As it became clear that the genetic algorithm was unlikely to yield the results I wanted on its own, I realized that the fitness function I’d written to evaluate the playability of the randomly-generated decks could actually be a standalone program. If Tim could run that evaluation program with a deck of his own design, he’d be able to identify problems with it, make adjustments, and feed the adjusted deck back into the program, getting thousands of rounds of insight without having to organize thousands of rounds of playtesting. Here’s some sample output from the evaluation program, evaluating a deck from earlier this summer, code-named Lemur.

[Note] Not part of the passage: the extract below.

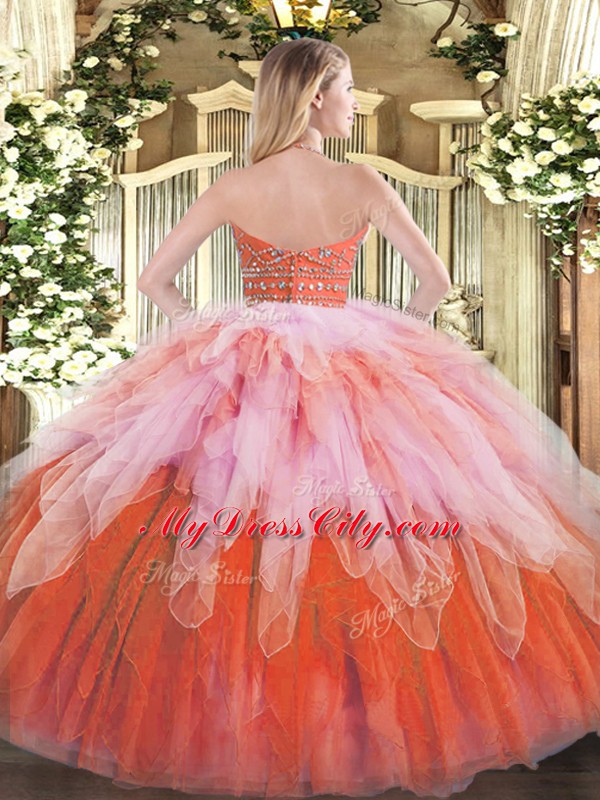 Enchanting Multi-color Ball Gowns Tulle Halter Top Sleeveless Beading and Ruffles Floor Length Zipper Quinceanera Dress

And it worked out great! Tim’s been using the program since then to guide deck design, and I’ve been making tweaks to it as we’ve made new discoveries and recognized new requirements. Here are a few ways we’ve used the program in practice:

  • The program shows how often each sequence was used, including sequences that weren’t used at all. Almost all decks can be improved simply by eliminating unused or little-used sequences and replacing them with others. (Fortunately, my experiments with sequence distribution provided a fruitful list of promising sequences to try.) Why doesn’t the Rewordable deck have single-card J, X, Q, or Z? Because the simulator showed us that more often than not, they were never used in thousands of rounds of simulated play.
  • The program shows a list of all the words formed during the simulated rounds, which gives us an idea of what the “texture” of the game will be like and what words are likely to show up when players actually play the game. It also helps us make sure that cards that occur frequently are, in fact, being used in different words, not just in the same word (or similar words) over and over.
  • The “patterns” section of the output shows how frequently cards with sequences of different lengths are used, and in what ways. This part of the output was vital in balancing the reward tokens—we specifically designed the deck to have lots of yellow/yellow (3 letter/3 letter) words to make the “All yellow word” reward easier to win.

So, I failed: the deck that we’ll ship to our Kickstarter backers will not be the pure, clean 100% computer-generated deck of my most secret computer science dreams. But thanks to our hybrid approach—statistical experimentation, combined with real-life playtesting, informed by simulation—I think we ended up with a very successful deck. And I can’t wait for you all to play a few games with it!